## TASK ITEM
Word for word, restate the records that come next, omitting the images.

[Records from a dataset]
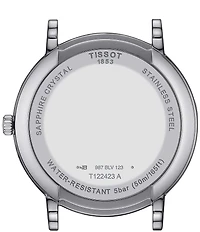 Tissot Men's Carson Gent Premium Moonphase Quartz Chronograph Stainless Steel Bracelet Watch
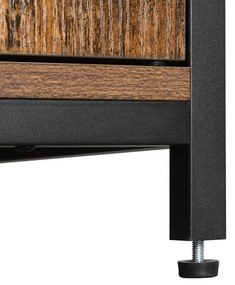 Komoda FIRA hnedá/čierna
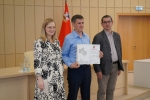 Трое медиков из Красногорска получили сертификаты на соципотеку.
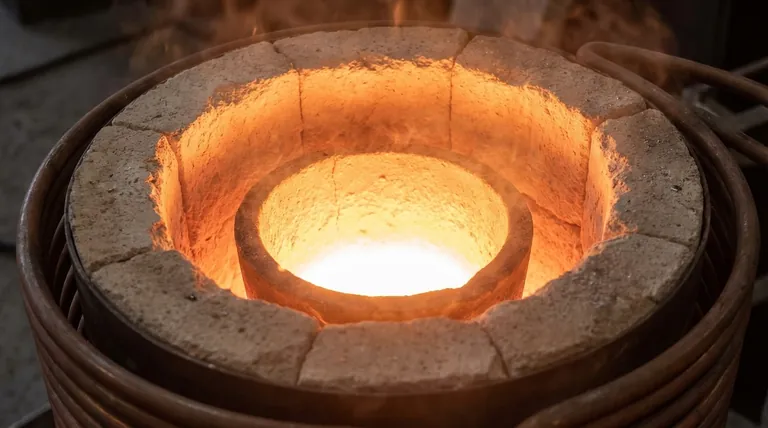 Qual é o material de revestimento básico para forno de indução? A Escolha Crítica para Fusão Segura e Eficiente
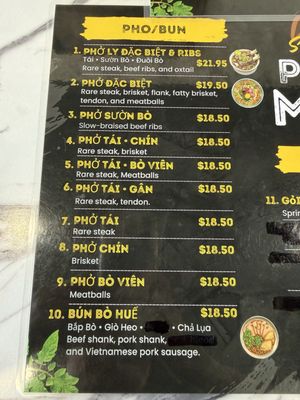 Menu photo 1 Pho Ly Kitchen San Jose, CA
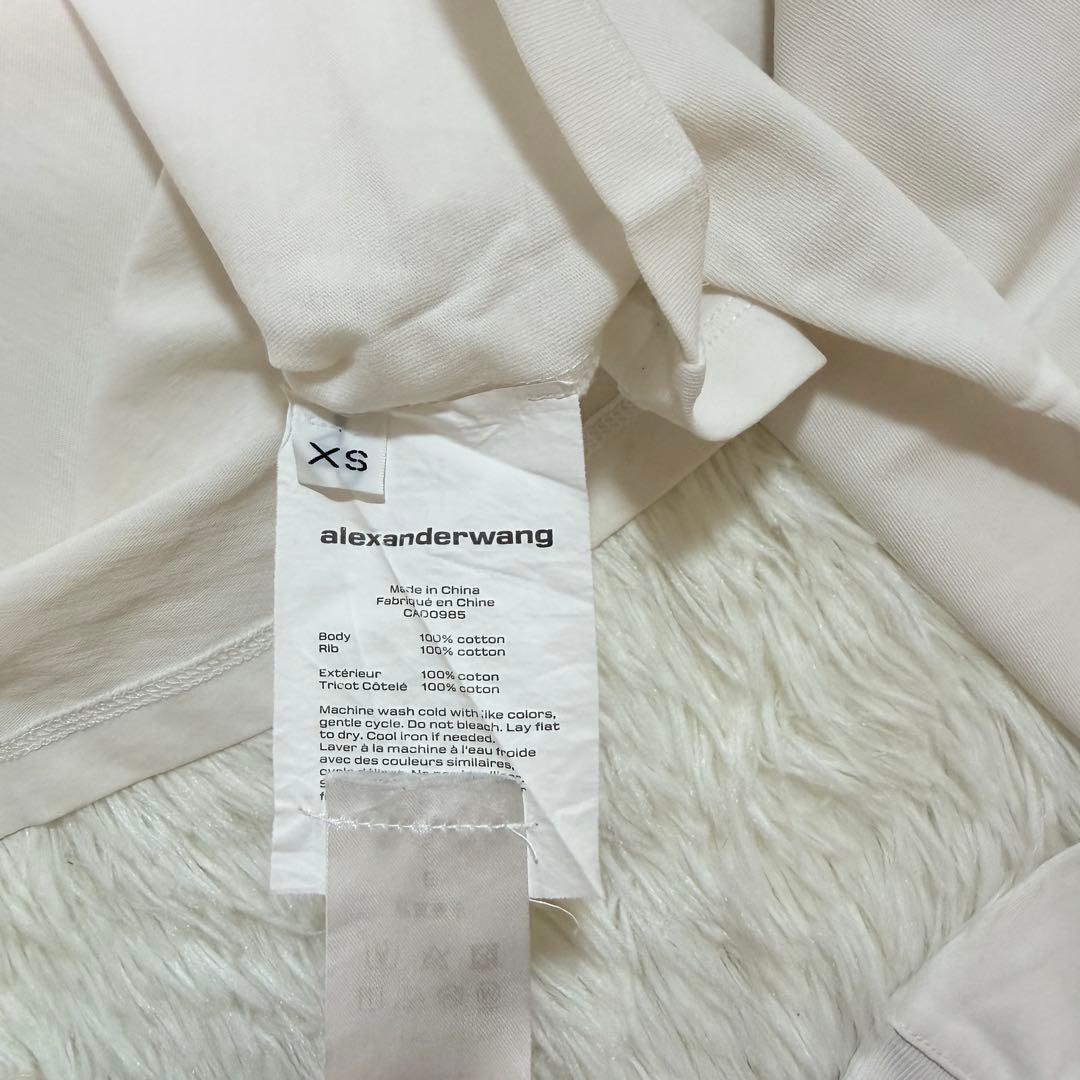 美品 alexanderwang アレキサンダー・ワン ショート丈Tシャツ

## TASK RESULT
 Tissot Men's Carson Gent Premium Moonphase Quartz Chronograph Stainless Steel Bracelet Watch
 Komoda FIRA hnedá/čierna
 Трое медиков из Красногорска получили сертификаты на соципотеку.
 Qual é o material de revestimento básico para forno de indução? A Escolha Crítica para Fusão Segura e Eficiente
 Menu photo 1 Pho Ly Kitchen San Jose, CA
 美品 alexanderwang アレキサンダー・ワン ショート丈Tシャツ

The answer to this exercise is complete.